We additionally looked at the mutation spectrum for all the common, tissue-specific, and cell culture-specific SSNVs (Figure S5). All three mutation spectrums are enriched for the known G>A/C>T UV signature. Together, these results suggest that our method is highly specific.
Cellular heterogeneity
To estimate the extent of normal cell contamination in the cell culture and tissue samples, we calculated the fraction of reads with mapping quality of at least 30 supporting the acquired somatic allele at heterozygous positions and compared this to what would be expected in a completely homogenous cellular population with no normal cells. Our analyses show that the cell culture has no normal contamination, while the tissue sample contains about 42% normal cells (Figure S17). Other groups have used similar methods to estimate tumor sample purity [46].
Copy number variants
We first estimate copy number in non-overlapping 5 Kb tiles in the normal genome using the copySeq algorithm [8]. We only consider tiles with 80% uniquely mappable k-mers (which is 94% of the tiles) to ensure accurate copy number estimation. To detect amplifications and deletions in the cancer genomes we use the CNV-seq algorithm [9], which compares the cancer to normal genome, with the following parameters:
Somatic copy number alterations (SCNAs) are then defined over the 5 kb tiles called in the normal genome using CNV-seq results and copy number is adjusted based on the level of normal genome contamination, as described above. Adjacent amplified or deleted 5 kb windows are merged and only regions where two or more windows are affected are retained.

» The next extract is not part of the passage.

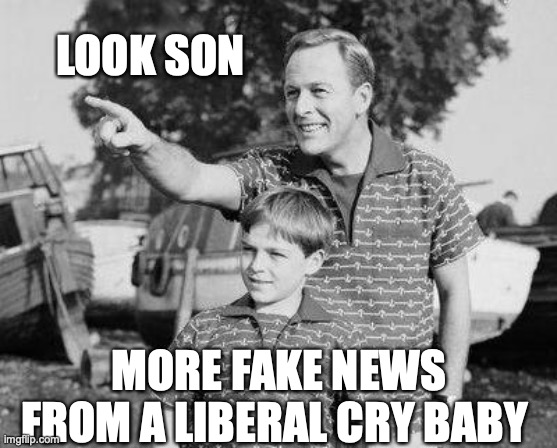 Look Son | LOOK SON; MORE FAKE NEWS FROM A LIBERAL CRY BABY | image tagged in memes,look son | made w/ Imgflip meme maker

To conservatively identify tissue or cell culture-specific CNVs, we filtered the CNV-seq calls in one sample by looking at the corresponding log2 ratio in the other sample. Any CNV-called regions in one sample with a CNV log2 ratio< = −0.1 or > = 0.1 in the other sample were considered CNVs even if they were not called by the CNV-seq algorithm. Thus, these regions are not considered sample-specific, which result in a conservative set of CNV calls.
Somatic insertions and deletions
We made somatic insertion and deletion calls by extending our MPV and MPG scoring methodology (see Single nucleotide variants section above) to indel calls. We first select all possible non-reference indel calls, irrespective of score threshold, across all three genomes using MPG on the normal genome and MPV on the tumor genomes. After merging all possible calls, we then look at each genome independently and determine how well the reads support the indel call using MPG on the normal genome and MPV on the tumor genome, both with thresholds of 10. To find somatic indels we keep non-reference tumor calls that do not match the normal call at that same position. Because CNVs can bias indel calls, we subsequently filter by retaining regions where the CNV log2 ratio >−0.1 and <0.1 such that a conservative set of indels outside CNV regions are compared. The final indel results are summarized in Figure S6.
Array comparative genome hybridization (aCGH)
We used an Agilent 180K aCGH array to look for CNVs in the tissue sample. For gain/loss calls, we used the default Nexus 6.0 settings for Agilent 180K catalog arrays for mosaic tissue samples, and adjusted the minimum probe bin size to 10 instead of the default 3 for segmentation
Chromosomal rearrangements
We used the BreakDancer algorithm [10] to detect chromosomal rearrangements. In order to detect somatic events we require a score of 90 or greater in the cancer genome, which is consistent with parameters reported in a previous study [6] and no evidence in the normal genome. We further filter the results in two ways. First, by removing any somatic events that occur in any of ten normal genomes from an ongoing internal study (data not shown). Second, by requiring that the 2 kb region immediately surrounding each putative breakpoint is greater than 99% mappable according to the CRG 100mer alignability track available at the UCSC genome browser.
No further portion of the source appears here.